*** Data section

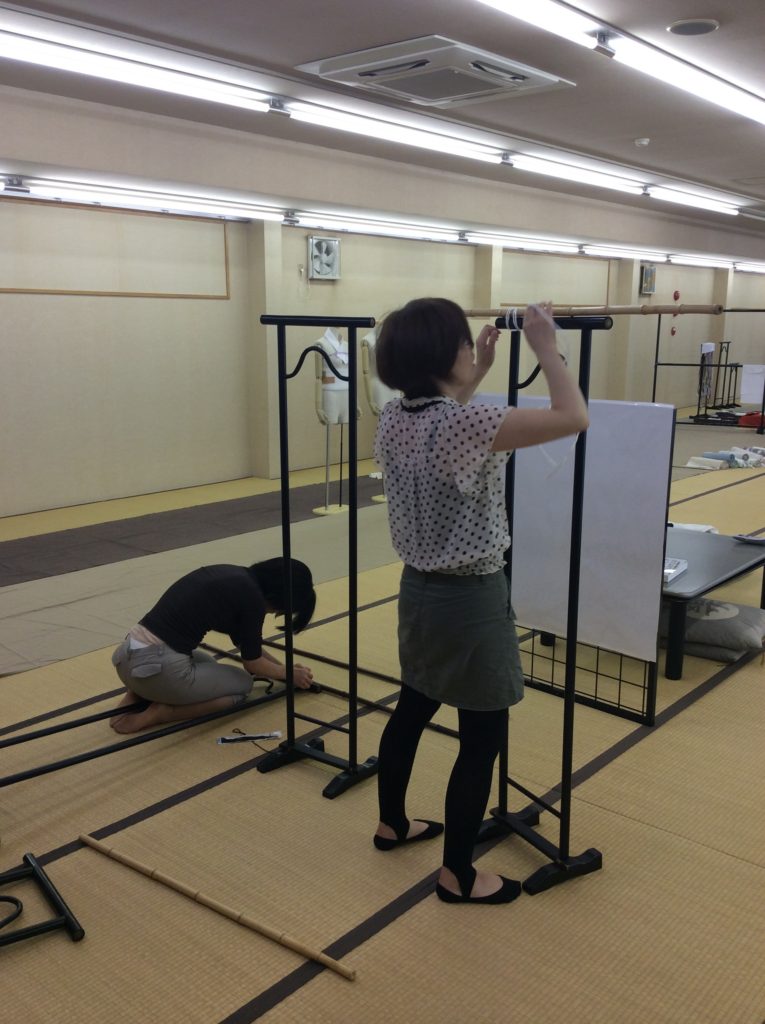 山本呉服店池田店 展示会準備2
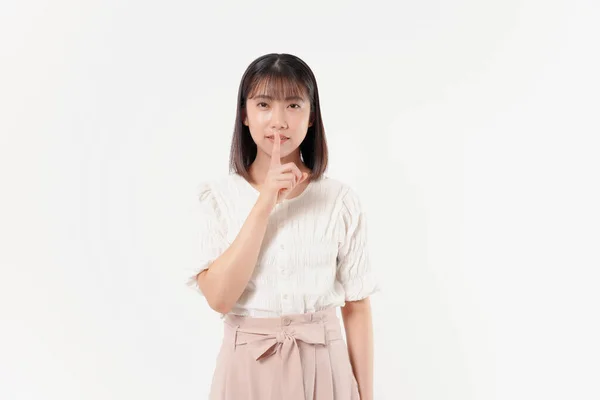 Belle Jeune Femme Asiatique Avec Silence Geste Sur Fond Isolé — Photo
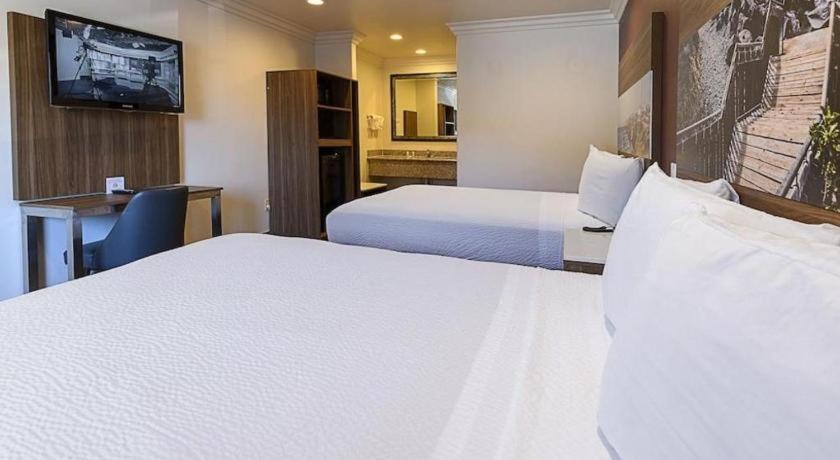Hotel Rodeway Carlsbad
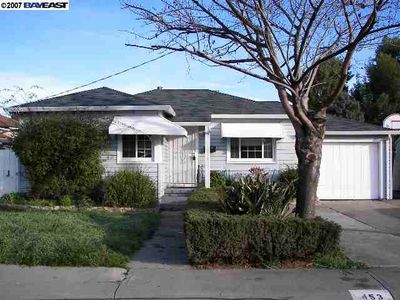 (Undisclosed Address), San Leandro, CA, 94578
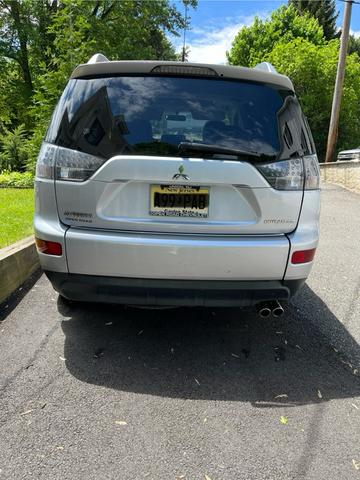 Photo of 2008 Silver Mitsubishi Outlander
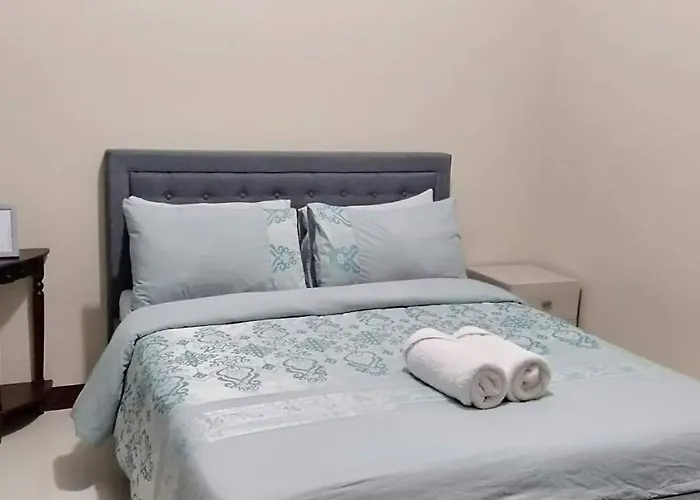 Condotel Walking Distance To Airport * Manille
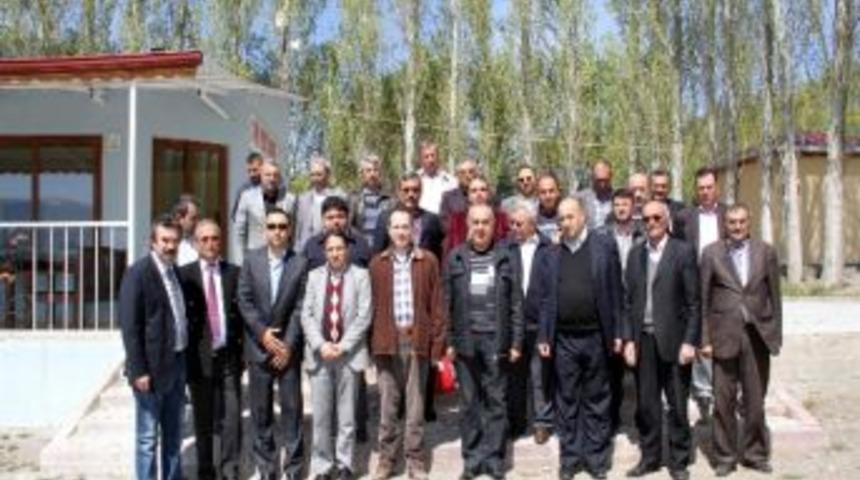 Kaymakam Demiral, K&ouml;y Dernek Ve Muhtarları İle Biraraya Geldi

******

# Exercise
Reproduce verbatim, and only, the lines starting at the one that contains "Hotel Rodeway Carlsbad" and ending with the final line of the records; leave out the pictures.

# Response for this exercise
Hotel Rodeway Carlsbad
 (Undisclosed Address), San Leandro, CA, 94578
 Photo of 2008 Silver Mitsubishi Outlander
 Condotel Walking Distance To Airport * Manille
 Kaymakam Demiral, K&ouml;y Dernek Ve Muhtarları İle Biraraya Geldi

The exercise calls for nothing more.